The recommended way seemed to be using Git hooks: scripts which run when certain git commands execute, i.e. when I type git push
also run this bash
script. In any git repo initialised with git init
there will be sample hook scripts installed at .git/hooks/
, such as post-receive.sample
. If you copy this to post-receive
and fill it with your bash script, it will execute when receiving a push.
So following this guide on the Jekyll homepage, the process seems to be:
-
Set up a bare git repo on the server you want to deploy to
-
Create a
post-receive
hook in that repo that will Jekyll build and output the contents to the directory your site is being hosted at, e.g./var/www/html
-
On your local machine, add the server as a remote (ensuring you’ve set up ssh access to it already), i.e.
laptop$ git remote add deploy deployer@example.com:~/myrepo.git
-
Now, whenever you
git push deploy master
, it will also push to the server, run the post-hook and deploy the new site.
Simple enough.
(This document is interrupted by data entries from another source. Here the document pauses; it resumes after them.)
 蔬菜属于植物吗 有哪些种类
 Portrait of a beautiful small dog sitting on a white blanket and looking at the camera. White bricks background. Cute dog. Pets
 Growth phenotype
However, I ran into a bug that stumped me for quite a while. Not fully understanding what a bare git repo was, made the debugging process harder. For the record, a bare git repo is simply the .git
directory of any normal repo you’re used to. However, it’s handy in this case as the post-receive
hook creates a temporary copy of the content using git clone
, to build the site, which the script finally deletes.
The error I was receiving when running the post-hook script was:
Can't find gem bundler (>= 0.a) with executable bundle (Gem::GemNotFoundException)
Wait I don’t have bundler
installed? Yes I do… Nope, you don’t have the right version of bundler
installed… sigh
According to a bundler blog post the issue is that in bundler version 2, it tries to seek out the exact version of bundler that was used originally, as specified in Gemfile.lock
, otherwise it fails. Yeah I can’t see how that would be a problem.
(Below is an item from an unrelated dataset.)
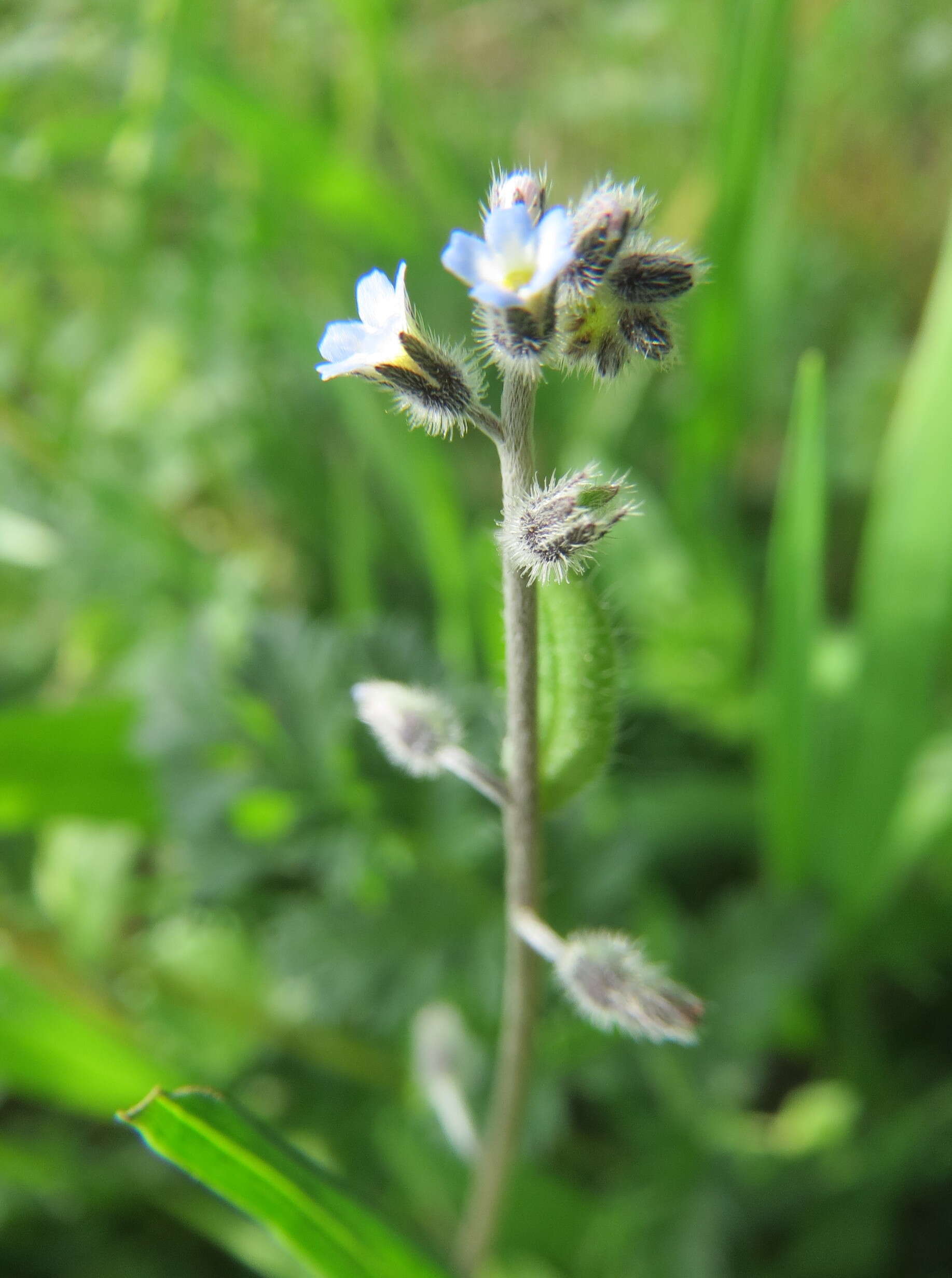 Image of strict forget-me-not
Finding the following in Gemfile.lock
BUNDLED WITH
2.1.2
And then installing with
$ gem install bundler -v "2.1.2"
Fixed the problem.
Summary
I’m happy the site is up now and I can add content easily enough by simply writing up some posts Markdown style and pushing to the server to see it deployed. It feels like Jekyll is foremost for developers that want to host a free GitHub.io page with simple bio info and a few blog posts. If you have a particular design in mind and care a lot about styling, maybe look somewhere else.